Ngatia was the last to speak on the scrutiny and audit. He began by referring to the Forms 34B for Kisauni, Nyali and Likoni constituencies, all of which were signed by party agents but not by the returning officer.

 

“My Lord, apart from that, most other 34Bs have been signed by returning officers and by agents,” Ngatia said.

 

A little later Ngatia told the court, “There is no allegation that the vote announced at the polling station differs with the Forms 34A. They correctly reflect the votes cast in favour of all the presidential candidates.”

 

When he turned to the audit of the IEBC servers, Ngatia pointed out some discrepancies between the report and its annexures, based on what agents for Kenyatta had observed. He also said that the soft copy of logs the IEBC offered were within the order of the court. He said agents for Odinga and Musyoka had asked for administrator rights which was not what the court had ordered.

 

“It is a fair report (on the audit of the IEBC server). It is our submission that this report fortifies what we have said all along that this election was a fair election,” Ngatia said.

 

The scrutiny of the vote count records took place at the Milimani Courts in Nairobi.

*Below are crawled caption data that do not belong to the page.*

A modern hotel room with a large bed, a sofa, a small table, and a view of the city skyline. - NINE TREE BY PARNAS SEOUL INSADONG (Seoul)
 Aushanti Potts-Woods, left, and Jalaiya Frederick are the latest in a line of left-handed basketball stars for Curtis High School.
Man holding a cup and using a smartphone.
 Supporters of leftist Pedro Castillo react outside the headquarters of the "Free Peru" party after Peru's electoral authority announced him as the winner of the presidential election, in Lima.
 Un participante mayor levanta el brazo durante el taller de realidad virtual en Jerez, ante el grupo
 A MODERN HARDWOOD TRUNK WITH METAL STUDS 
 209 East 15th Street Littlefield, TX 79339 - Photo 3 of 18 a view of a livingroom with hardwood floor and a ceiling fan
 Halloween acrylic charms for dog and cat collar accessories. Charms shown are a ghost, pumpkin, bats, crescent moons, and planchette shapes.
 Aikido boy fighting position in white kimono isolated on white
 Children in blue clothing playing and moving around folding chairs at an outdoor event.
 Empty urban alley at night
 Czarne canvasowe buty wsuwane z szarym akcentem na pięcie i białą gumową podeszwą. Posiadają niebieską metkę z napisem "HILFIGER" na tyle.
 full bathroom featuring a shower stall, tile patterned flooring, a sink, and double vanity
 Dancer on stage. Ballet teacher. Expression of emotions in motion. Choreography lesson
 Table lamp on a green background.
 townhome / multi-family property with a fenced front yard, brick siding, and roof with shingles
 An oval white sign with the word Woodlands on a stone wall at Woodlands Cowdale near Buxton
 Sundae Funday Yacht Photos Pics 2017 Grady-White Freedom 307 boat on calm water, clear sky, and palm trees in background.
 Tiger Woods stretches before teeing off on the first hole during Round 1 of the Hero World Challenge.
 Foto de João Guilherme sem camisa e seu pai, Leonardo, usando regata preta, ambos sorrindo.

That scrutiny was supervised by the Supreme Court Registrar. The audit of the IEBC servers took place at the headquarters of the IEBC at Anniversary Towers in Nairobi. That audit was supervised by a staff member of the court’s ICT department and two independent ICT experts appointed by the court.

 

Once the submissions of the parties concluded, the hearings into the presidential election petition closed. Chief Justice Magara said the Supreme Court will deliver its judgement on Friday but he said he could not give a time.